■ Task requirements ■
Give back only the lines in the records below from the one with "Équipe de patrouille" to the one with "ZZDZZ 2 in 1", both inclusive, word for word.

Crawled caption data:
※

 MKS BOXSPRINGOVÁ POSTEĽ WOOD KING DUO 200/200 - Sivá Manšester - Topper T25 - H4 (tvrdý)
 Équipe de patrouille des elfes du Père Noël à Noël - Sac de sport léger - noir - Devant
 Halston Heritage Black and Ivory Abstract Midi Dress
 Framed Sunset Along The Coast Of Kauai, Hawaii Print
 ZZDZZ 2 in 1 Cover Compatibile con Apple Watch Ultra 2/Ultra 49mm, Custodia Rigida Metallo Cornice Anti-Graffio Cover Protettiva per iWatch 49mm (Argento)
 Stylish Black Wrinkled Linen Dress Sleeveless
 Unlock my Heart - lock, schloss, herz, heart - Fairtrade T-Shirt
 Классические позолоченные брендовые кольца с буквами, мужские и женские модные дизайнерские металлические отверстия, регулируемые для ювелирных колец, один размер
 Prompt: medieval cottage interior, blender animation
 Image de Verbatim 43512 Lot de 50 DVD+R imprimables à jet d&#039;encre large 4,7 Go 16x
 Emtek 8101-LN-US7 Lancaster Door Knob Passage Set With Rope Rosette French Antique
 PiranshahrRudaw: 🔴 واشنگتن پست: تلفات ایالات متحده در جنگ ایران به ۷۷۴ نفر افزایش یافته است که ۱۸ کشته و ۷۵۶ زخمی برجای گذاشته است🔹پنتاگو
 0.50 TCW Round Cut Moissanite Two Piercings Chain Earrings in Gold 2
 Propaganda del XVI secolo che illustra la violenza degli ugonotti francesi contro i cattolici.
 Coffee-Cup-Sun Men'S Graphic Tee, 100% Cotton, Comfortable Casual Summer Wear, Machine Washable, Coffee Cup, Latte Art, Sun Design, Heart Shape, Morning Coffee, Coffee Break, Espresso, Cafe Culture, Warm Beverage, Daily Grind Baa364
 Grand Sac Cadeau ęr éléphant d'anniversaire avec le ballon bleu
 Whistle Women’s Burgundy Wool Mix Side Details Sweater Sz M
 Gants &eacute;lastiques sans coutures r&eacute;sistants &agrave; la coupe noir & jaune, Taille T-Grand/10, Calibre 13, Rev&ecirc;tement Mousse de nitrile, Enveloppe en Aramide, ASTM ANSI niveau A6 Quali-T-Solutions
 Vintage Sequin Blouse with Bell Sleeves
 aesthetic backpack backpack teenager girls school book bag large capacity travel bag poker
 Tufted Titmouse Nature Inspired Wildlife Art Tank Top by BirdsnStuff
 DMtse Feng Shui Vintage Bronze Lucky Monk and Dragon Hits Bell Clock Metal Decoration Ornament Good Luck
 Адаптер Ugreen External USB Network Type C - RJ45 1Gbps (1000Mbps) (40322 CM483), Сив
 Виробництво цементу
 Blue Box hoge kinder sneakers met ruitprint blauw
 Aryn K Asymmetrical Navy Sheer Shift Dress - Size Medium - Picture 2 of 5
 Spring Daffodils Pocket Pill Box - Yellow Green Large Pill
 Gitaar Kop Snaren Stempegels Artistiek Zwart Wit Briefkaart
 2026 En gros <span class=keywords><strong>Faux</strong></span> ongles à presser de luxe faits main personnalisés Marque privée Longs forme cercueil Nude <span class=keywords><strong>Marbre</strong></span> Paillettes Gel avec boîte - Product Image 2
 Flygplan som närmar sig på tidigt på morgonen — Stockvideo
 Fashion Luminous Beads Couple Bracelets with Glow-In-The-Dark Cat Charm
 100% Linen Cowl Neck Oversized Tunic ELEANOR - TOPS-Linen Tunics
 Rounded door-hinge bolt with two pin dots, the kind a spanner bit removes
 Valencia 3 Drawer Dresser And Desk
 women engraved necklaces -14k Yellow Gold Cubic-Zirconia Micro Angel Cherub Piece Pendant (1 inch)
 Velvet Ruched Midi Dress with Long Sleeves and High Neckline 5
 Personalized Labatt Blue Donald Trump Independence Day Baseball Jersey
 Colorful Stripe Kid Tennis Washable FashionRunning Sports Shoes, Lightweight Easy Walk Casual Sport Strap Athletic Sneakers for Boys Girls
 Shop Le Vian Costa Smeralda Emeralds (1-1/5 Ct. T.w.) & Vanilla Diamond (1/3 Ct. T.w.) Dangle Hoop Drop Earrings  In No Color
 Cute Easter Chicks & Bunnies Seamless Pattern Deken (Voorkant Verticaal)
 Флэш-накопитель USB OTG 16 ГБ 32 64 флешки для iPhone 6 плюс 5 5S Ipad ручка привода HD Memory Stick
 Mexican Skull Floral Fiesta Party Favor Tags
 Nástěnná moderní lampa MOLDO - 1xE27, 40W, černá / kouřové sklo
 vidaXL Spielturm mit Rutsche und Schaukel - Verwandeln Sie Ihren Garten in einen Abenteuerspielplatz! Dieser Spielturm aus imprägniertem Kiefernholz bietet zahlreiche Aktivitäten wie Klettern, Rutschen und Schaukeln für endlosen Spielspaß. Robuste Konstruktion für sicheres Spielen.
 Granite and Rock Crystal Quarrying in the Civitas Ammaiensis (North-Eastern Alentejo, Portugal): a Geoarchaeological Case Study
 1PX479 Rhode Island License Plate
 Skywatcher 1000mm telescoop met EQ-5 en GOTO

※

■ Expected output ■
 Équipe de patrouille des elfes du Père Noël à Noël - Sac de sport léger - noir - Devant
 Halston Heritage Black and Ivory Abstract Midi Dress
 Framed Sunset Along The Coast Of Kauai, Hawaii Print
 ZZDZZ 2 in 1 Cover Compatibile con Apple Watch Ultra 2/Ultra 49mm, Custodia Rigida Metallo Cornice Anti-Graffio Cover Protettiva per iWatch 49mm (Argento)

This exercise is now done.